\_sh v3.0  374  Readme Notes

\id ADAPT2B
\s Norwegian sample with Parse and Generate
\p This sample expands on the previous Norwegian adaptation
sample by adding a Parse process and a Generate process. The
result is a full-blown adaptation setup.
\p Looking at the text you can see that it first parses the text into
morphemes (\mb line) and assigns a category to each
morpheme (\ps line). It then converts each morpheme to the
target language (\e1 line) and rearranges the morphemes into
better target order (\e2 line). Finally it puts the morphemes back
together to generate target text (\e line).
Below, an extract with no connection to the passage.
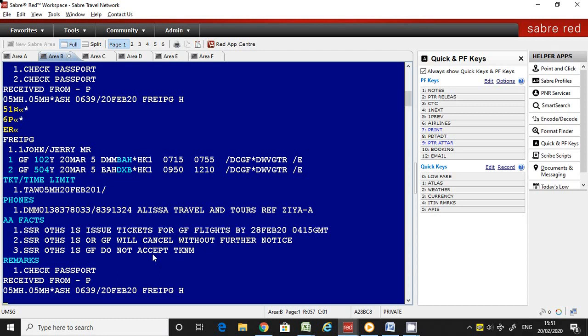Now I'm going to discuss the second type: itinerary remarks. The benefit is that these remarks will be reflected on the itinerary once you print it for your passenger. So if you want to pass any information apart from the ticket information — like baggage allowance or any messages to your passenger — you can use this.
\p To keep the file size down, only the first three verses are done
(feel free to process the other lines to see this full-blown
adaptation process in action.) Comments in the text point out
the places where this process differs from the Adapt2a sample.
\s2 Interlinear Setup
\p Look at the Interlinear setup of the text. You can see that it
consists of a Parse process, two Lookup processes, a
Rearrange process and a Generate process.
\s3 Parse Processing
\p Looking at the details of the Parse process, you can see that it
parses from the \lx field and \a fields in the lexicon, and outputs
the \u field if there is one. This is a standard parse setup.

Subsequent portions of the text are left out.